Output the listing exactly, leaving out no line.

▬▬▬▬▬▬

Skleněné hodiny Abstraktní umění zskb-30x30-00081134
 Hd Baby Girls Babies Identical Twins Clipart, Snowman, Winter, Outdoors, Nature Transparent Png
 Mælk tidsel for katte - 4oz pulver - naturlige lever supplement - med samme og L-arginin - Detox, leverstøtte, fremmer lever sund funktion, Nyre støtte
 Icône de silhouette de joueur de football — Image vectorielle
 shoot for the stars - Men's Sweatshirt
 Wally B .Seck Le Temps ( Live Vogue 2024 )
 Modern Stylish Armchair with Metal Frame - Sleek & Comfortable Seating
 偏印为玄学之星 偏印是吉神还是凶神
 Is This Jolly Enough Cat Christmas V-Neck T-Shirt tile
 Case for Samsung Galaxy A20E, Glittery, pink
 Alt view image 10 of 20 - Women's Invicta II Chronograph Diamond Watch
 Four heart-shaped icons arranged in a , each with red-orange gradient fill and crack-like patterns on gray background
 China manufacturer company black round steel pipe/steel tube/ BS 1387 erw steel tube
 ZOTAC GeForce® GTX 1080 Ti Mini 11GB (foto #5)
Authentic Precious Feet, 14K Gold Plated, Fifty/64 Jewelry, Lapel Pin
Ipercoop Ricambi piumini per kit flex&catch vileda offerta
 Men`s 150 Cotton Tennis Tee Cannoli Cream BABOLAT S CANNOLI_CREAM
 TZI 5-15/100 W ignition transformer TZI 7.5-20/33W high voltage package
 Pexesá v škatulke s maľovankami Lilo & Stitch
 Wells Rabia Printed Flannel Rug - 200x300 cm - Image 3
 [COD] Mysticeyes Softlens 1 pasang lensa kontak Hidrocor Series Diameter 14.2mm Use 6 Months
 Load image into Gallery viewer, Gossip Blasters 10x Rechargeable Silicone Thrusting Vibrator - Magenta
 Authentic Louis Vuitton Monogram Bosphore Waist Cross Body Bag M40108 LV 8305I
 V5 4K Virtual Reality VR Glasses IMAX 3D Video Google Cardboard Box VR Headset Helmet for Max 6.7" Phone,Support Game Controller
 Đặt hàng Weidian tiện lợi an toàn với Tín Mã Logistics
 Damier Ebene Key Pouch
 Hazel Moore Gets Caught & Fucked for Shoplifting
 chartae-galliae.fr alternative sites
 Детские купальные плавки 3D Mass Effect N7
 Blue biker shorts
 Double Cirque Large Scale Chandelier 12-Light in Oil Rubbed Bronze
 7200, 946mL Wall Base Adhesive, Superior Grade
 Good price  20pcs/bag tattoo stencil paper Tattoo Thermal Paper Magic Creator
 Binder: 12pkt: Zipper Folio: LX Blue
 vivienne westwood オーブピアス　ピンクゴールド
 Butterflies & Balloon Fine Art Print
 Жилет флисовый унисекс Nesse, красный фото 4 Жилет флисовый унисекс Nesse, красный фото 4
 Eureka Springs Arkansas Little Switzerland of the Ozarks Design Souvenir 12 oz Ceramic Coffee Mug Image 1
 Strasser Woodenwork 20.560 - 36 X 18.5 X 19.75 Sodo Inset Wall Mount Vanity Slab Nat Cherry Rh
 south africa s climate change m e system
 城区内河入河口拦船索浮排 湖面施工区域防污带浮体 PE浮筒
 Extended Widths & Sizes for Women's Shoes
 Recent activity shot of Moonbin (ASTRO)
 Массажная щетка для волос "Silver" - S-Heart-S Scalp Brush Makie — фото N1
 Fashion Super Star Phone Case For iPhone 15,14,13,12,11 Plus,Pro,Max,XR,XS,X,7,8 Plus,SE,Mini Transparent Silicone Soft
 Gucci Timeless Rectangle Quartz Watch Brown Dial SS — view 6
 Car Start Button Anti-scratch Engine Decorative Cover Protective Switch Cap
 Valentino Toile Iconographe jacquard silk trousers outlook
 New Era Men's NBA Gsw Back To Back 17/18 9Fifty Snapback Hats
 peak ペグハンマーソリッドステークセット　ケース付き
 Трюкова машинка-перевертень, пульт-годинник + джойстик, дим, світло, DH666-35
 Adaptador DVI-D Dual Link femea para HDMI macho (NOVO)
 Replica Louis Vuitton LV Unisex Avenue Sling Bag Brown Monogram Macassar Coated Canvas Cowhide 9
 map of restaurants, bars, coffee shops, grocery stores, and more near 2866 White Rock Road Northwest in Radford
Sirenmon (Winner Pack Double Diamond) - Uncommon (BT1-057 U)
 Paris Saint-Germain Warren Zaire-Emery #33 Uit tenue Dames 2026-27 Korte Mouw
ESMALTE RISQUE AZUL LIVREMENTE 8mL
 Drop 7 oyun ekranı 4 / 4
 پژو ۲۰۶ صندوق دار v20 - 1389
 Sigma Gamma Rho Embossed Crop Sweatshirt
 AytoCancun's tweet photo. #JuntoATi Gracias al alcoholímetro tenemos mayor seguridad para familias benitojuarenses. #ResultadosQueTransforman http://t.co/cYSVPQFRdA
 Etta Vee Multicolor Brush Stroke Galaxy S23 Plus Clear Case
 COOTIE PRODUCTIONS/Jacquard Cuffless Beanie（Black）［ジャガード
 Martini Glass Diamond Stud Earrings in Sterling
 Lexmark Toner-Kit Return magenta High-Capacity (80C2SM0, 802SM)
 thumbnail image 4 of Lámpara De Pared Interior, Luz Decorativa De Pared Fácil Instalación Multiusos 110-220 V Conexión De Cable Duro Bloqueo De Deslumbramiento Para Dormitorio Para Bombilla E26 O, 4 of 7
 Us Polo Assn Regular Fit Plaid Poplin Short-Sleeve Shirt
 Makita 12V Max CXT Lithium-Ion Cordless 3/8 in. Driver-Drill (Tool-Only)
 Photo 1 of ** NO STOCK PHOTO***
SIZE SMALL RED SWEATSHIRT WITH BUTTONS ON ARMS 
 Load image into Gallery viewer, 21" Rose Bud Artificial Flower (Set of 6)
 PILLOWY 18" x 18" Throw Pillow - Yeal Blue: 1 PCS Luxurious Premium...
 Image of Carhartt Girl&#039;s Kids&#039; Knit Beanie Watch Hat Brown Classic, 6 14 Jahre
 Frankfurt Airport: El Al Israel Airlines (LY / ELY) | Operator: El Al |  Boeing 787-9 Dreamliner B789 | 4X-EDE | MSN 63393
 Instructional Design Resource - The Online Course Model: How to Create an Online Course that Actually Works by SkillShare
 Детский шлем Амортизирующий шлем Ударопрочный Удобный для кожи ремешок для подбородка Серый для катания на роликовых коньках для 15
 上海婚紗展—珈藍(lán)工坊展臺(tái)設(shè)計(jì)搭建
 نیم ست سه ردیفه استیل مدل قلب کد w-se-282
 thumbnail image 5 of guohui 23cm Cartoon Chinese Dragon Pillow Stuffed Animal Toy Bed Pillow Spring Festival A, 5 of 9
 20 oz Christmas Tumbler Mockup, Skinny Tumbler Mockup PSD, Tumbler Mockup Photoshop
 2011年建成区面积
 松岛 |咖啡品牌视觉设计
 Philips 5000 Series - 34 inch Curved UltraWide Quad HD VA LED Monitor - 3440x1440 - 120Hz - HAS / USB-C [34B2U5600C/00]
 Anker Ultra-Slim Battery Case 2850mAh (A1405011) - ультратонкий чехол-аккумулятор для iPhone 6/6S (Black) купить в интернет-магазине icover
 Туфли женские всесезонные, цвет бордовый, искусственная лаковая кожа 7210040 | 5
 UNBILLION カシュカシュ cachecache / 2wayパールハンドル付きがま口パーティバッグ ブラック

▬▬▬▬▬▬

_The completed task:_
Skleněné hodiny Abstraktní umění zskb-30x30-00081134
 Hd Baby Girls Babies Identical Twins Clipart, Snowman, Winter, Outdoors, Nature Transparent Png
 Mælk tidsel for katte - 4oz pulver - naturlige lever supplement - med samme og L-arginin - Detox, leverstøtte, fremmer lever sund funktion, Nyre støtte
 Icône de silhouette de joueur de football — Image vectorielle
 shoot for the stars - Men's Sweatshirt
 Wally B .Seck Le Temps ( Live Vogue 2024 )
 Modern Stylish Armchair with Metal Frame - Sleek & Comfortable Seating
 偏印为玄学之星 偏印是吉神还是凶神
 Is This Jolly Enough Cat Christmas V-Neck T-Shirt tile
 Case for Samsung Galaxy A20E, Glittery, pink
 Alt view image 10 of 20 - Women's Invicta II Chronograph Diamond Watch
 Four heart-shaped icons arranged in a , each with red-orange gradient fill and crack-like patterns on gray background
 China manufacturer company black round steel pipe/steel tube/ BS 1387 erw steel tube
 ZOTAC GeForce® GTX 1080 Ti Mini 11GB (foto #5)
Authentic Precious Feet, 14K Gold Plated, Fifty/64 Jewelry, Lapel Pin
Ipercoop Ricambi piumini per kit flex&catch vileda offerta
 Men`s 150 Cotton Tennis Tee Cannoli Cream BABOLAT S CANNOLI_CREAM
 TZI 5-15/100 W ignition transformer TZI 7.5-20/33W high voltage package
 Pexesá v škatulke s maľovankami Lilo & Stitch
 Wells Rabia Printed Flannel Rug - 200x300 cm - Image 3
 [COD] Mysticeyes Softlens 1 pasang lensa kontak Hidrocor Series Diameter 14.2mm Use 6 Months
 Load image into Gallery viewer, Gossip Blasters 10x Rechargeable Silicone Thrusting Vibrator - Magenta
 Authentic Louis Vuitton Monogram Bosphore Waist Cross Body Bag M40108 LV 8305I
 V5 4K Virtual Reality VR Glasses IMAX 3D Video Google Cardboard Box VR Headset Helmet for Max 6.7" Phone,Support Game Controller
 Đặt hàng Weidian tiện lợi an toàn với Tín Mã Logistics
 Damier Ebene Key Pouch
 Hazel Moore Gets Caught & Fucked for Shoplifting
 chartae-galliae.fr alternative sites
 Детские купальные плавки 3D Mass Effect N7
 Blue biker shorts
 Double Cirque Large Scale Chandelier 12-Light in Oil Rubbed Bronze
 7200, 946mL Wall Base Adhesive, Superior Grade
 Good price  20pcs/bag tattoo stencil paper Tattoo Thermal Paper Magic Creator
 Binder: 12pkt: Zipper Folio: LX Blue
 vivienne westwood オーブピアス　ピンクゴールド
 Butterflies & Balloon Fine Art Print
 Жилет флисовый унисекс Nesse, красный фото 4 Жилет флисовый унисекс Nesse, красный фото 4
 Eureka Springs Arkansas Little Switzerland of the Ozarks Design Souvenir 12 oz Ceramic Coffee Mug Image 1
 Strasser Woodenwork 20.560 - 36 X 18.5 X 19.75 Sodo Inset Wall Mount Vanity Slab Nat Cherry Rh
 south africa s climate change m e system
 城区内河入河口拦船索浮排 湖面施工区域防污带浮体 PE浮筒
 Extended Widths & Sizes for Women's Shoes
 Recent activity shot of Moonbin (ASTRO)
 Массажная щетка для волос "Silver" - S-Heart-S Scalp Brush Makie — фото N1
 Fashion Super Star Phone Case For iPhone 15,14,13,12,11 Plus,Pro,Max,XR,XS,X,7,8 Plus,SE,Mini Transparent Silicone Soft
 Gucci Timeless Rectangle Quartz Watch Brown Dial SS — view 6
 Car Start Button Anti-scratch Engine Decorative Cover Protective Switch Cap
 Valentino Toile Iconographe jacquard silk trousers outlook
 New Era Men's NBA Gsw Back To Back 17/18 9Fifty Snapback Hats
 peak ペグハンマーソリッドステークセット　ケース付き
 Трюкова машинка-перевертень, пульт-годинник + джойстик, дим, світло, DH666-35
 Adaptador DVI-D Dual Link femea para HDMI macho (NOVO)
 Replica Louis Vuitton LV Unisex Avenue Sling Bag Brown Monogram Macassar Coated Canvas Cowhide 9
 map of restaurants, bars, coffee shops, grocery stores, and more near 2866 White Rock Road Northwest in Radford
Sirenmon (Winner Pack Double Diamond) - Uncommon (BT1-057 U)
 Paris Saint-Germain Warren Zaire-Emery #33 Uit tenue Dames 2026-27 Korte Mouw
ESMALTE RISQUE AZUL LIVREMENTE 8mL
 Drop 7 oyun ekranı 4 / 4
 پژو ۲۰۶ صندوق دار v20 - 1389
 Sigma Gamma Rho Embossed Crop Sweatshirt
 AytoCancun's tweet photo. #JuntoATi Gracias al alcoholímetro tenemos mayor seguridad para familias benitojuarenses. #ResultadosQueTransforman http://t.co/cYSVPQFRdA
 Etta Vee Multicolor Brush Stroke Galaxy S23 Plus Clear Case
 COOTIE PRODUCTIONS/Jacquard Cuffless Beanie（Black）［ジャガード
 Martini Glass Diamond Stud Earrings in Sterling
 Lexmark Toner-Kit Return magenta High-Capacity (80C2SM0, 802SM)
 thumbnail image 4 of Lámpara De Pared Interior, Luz Decorativa De Pared Fácil Instalación Multiusos 110-220 V Conexión De Cable Duro Bloqueo De Deslumbramiento Para Dormitorio Para Bombilla E26 O, 4 of 7
 Us Polo Assn Regular Fit Plaid Poplin Short-Sleeve Shirt
 Makita 12V Max CXT Lithium-Ion Cordless 3/8 in. Driver-Drill (Tool-Only)
 Photo 1 of ** NO STOCK PHOTO***
SIZE SMALL RED SWEATSHIRT WITH BUTTONS ON ARMS 
 Load image into Gallery viewer, 21" Rose Bud Artificial Flower (Set of 6)
 PILLOWY 18" x 18" Throw Pillow - Yeal Blue: 1 PCS Luxurious Premium...
 Image of Carhartt Girl&#039;s Kids&#039; Knit Beanie Watch Hat Brown Classic, 6 14 Jahre
 Frankfurt Airport: El Al Israel Airlines (LY / ELY) | Operator: El Al |  Boeing 787-9 Dreamliner B789 | 4X-EDE | MSN 63393
 Instructional Design Resource - The Online Course Model: How to Create an Online Course that Actually Works by SkillShare
 Детский шлем Амортизирующий шлем Ударопрочный Удобный для кожи ремешок для подбородка Серый для катания на роликовых коньках для 15
 上海婚紗展—珈藍(lán)工坊展臺(tái)設(shè)計(jì)搭建
 نیم ست سه ردیفه استیل مدل قلب کد w-se-282
 thumbnail image 5 of guohui 23cm Cartoon Chinese Dragon Pillow Stuffed Animal Toy Bed Pillow Spring Festival A, 5 of 9
 20 oz Christmas Tumbler Mockup, Skinny Tumbler Mockup PSD, Tumbler Mockup Photoshop
 2011年建成区面积
 松岛 |咖啡品牌视觉设计
 Philips 5000 Series - 34 inch Curved UltraWide Quad HD VA LED Monitor - 3440x1440 - 120Hz - HAS / USB-C [34B2U5600C/00]
 Anker Ultra-Slim Battery Case 2850mAh (A1405011) - ультратонкий чехол-аккумулятор для iPhone 6/6S (Black) купить в интернет-магазине icover
 Туфли женские всесезонные, цвет бордовый, искусственная лаковая кожа 7210040 | 5
 UNBILLION カシュカシュ cachecache / 2wayパールハンドル付きがま口パーティバッグ ブラック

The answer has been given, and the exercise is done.